Description
ISBN: 0684872544
Title: Wolves Eat Dogs
Author: Smith, Martin Cruz
Binding: Hardcover
Publisher: Simon & Schuster, New York
Publication Date: 2004
Edition: SIGNED First Edition
Book Condition: F
D-j Condition: F
Synopsis: Cynical, quietly subversive, brilliantly analytical and haunted by melancholy, Arkady Renko is one of the iconic detectives of contemporary fiction. Renko has survived, barely, the journey from the Soviet Union to the New Russia, only to find his transformed nation just as obsessed with secrecy, corruption and brutality as was the old Communist dictatorship. In his most baffling case yet, Renko enters the privileged world of Russia’s new billionaire class to investigate the apparent suicide of its grandest member.
Review: “Why would anyone jump out a window with a saltshaker?” A good question, especially when the suicide victim is Pasha Ivanov, a Moscow physicist-turned-billionaire businessman–a “New Russian” poster boy, if ever there was one–with several homes, a leggy 20-year-old girlfriend (“the kind [of blonde] who could summon the attention of a breeze”), and every reason to be contented in his middle age.
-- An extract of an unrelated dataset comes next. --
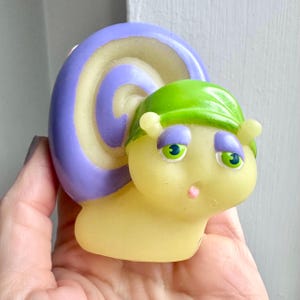 Puede incluir: Una caprichosa figura de caracol amarillo con una concha morada y crema y una gorra verde. El caracol tiene ojos verdes, párpados morados y boca rosa. La figura se sostiene en una mano.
So, wonders Senior Investigator Arkady Renko, in Martin Cruz Smith’s Wolves Eat Dogs, what provoked Ivanov to take a header from his stylish 10th-floor apartment? And how does it relate to the shaker clutched in his dead hand or the hillock of table salt found on his closet floor?
Renko, introduced in Smith’s 1981 bestseller, Gorky Park, is a cop well out of sync with rapidly changing Russian society, “a difficult investigator, a holdover from the Soviet era, a man on the skids” whose determination to do more than go through the motions of criminal inquiries inevitably exasperates his superiors. Thus, when this saturnine detective declines to accept the verdict that Ivanov did himself in–who peppered that salt around the capitalist’s premises, Renko still wants to know, and what about rumors of a security breach at Ivanov’s apartment building?–he is exiled to the Ukrainian Zone of Exclusion, the “radioactive wasteland” surrounding Chernobyl, site of a notorious 1986 nuclear disaster and the place where, only a week after Ivanov’s demise, his company’s senior vice-president is found with his throat slit. There, among cynical scientists, entrepreneurial scavengers, and predators both two- and four-legged–an exclusive coterie of the rejected–Renko chews over the crimes on his plate. Unfortunately, the dosimeter that warns him of radiation exposure at Chernobyl does not also protect him from a pair of malevolent brothers, or a “damaged” woman doctor offering him mutually assured disappointment.